Did increased computing power break data management?
by Jens on Sep.19, 2011, under Data Management
With the risk of the title already having put you off, and labelling this post as lamenting progress over the “good old days”, I am simply offering a few observations.
As part of a data resuce project, I’m currently reading the documentation for a plankton database system from 1994. The documentation pretty much covers everything you would expect to find in a more modern documentation, e.g. a data model, work flows, methods and background code. It was designed to run on an old VAX system, and of course there are some technical limitations that I am glad that we are over.

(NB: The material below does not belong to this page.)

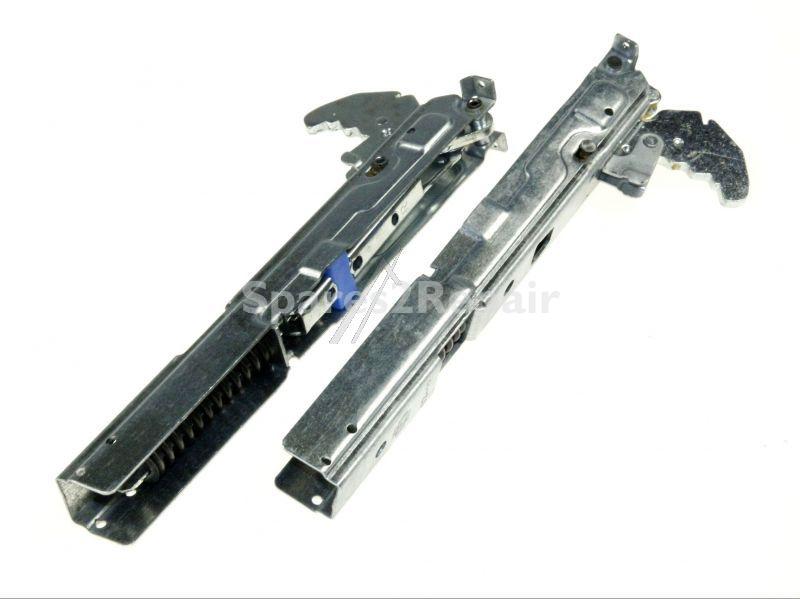 Door Hinge For Oven - 4055136529 Kit door Hinge blue x2 [Electrolux Aeg]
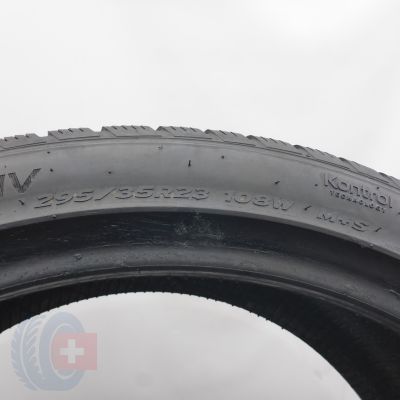7.  295 35 23 2x HANKOOK 295/35 ZR23 108W XL Winter i Cept evo2 Suv Winterreifen 2020 6mm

There are very clear limits on what could be put into tables, and the number of tables that were created. This is obviously a result of having to be careful about referencing. E.g. you did not reference long species names when an identifier was available as it would slow your system to a crawl
However, looking at how very neatly data are structured in this old system, and looking to some of the more “modern” systems, it is actually far easier to re-extract and structure this data. All of the referential structure is intact even though the software itself is long gone, and I am left with nothing but the raw data. Looking at the raw data dump of many modern databases leaves something to be desired (IMO). The strict control of field formatting often goes out the window, and the “logic” of a system is frequently moved almost entirely to the front end, meaning that the DB itself sometimes doesn’t even contain all the referential information required.
Obviously you get what you pay for, and this is far from the case in many modern systems, but with the increased speed and power of computers, it has become ever so easier to throw clock cycles at a workflow problem rather than going back to the root causes.
Given the increase in computing power, I’m not sure if we have seen an equivalent increase in performance of databases. Granted we can store much, much more in there, and in a much wider range of formats, but does it encourage the cutting of corners rather than improvement of data models?
I’m happy to be proved wrong, and I suspect there isn’t a right or wrong, but there is certainly an observation that when you are forced to be economical with your clock cycles, there seems to be a higher attention to your data model.